If you skip this and make a claim like "transfer from Anvil to Conte works," it will be rejected in review.
Assign each job a workload_regime label using the shared taxonomy:
| Label | Criteria |
|---|---|
cpu_standard | gpu_count_per_node == 0 AND node_memory_gb < threshold |
cpu_largemem | gpu_count_per_node == 0 AND node_memory_gb >= threshold |
gpu_standard | gpu_count_per_node > 0 AND node_memory_gb < threshold |
gpu_largemem |
gpu_count_per_node > 0 AND node_memory_gb >= threshold |
unknown | metadata missing |
⚠️ Proxy caveat: When running on local snapshots (not full
/depot/.../chunks-v3/), partition/node_type metadata may be missing.
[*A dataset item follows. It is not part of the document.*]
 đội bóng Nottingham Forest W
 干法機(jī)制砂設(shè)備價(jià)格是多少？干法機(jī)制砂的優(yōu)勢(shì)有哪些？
Use the conservative proxy:cpu_standard := (value_gpu_cnt <= 0) AND (value_gpu_sum <= 0)Mark all results as "proxy-only" in the run log.
Use only "safe" features — those with 0% missingness across all clusters (from Phase 1 / EXP-016):
ncores, nhosts, timelimit_sec, runtime_sec, queue_time_sec, runtime_fraction
Do not include value_memused_max, value_memused_minus_diskcache_max, value_gpu_max — these have non-zero missingness in at least one cluster.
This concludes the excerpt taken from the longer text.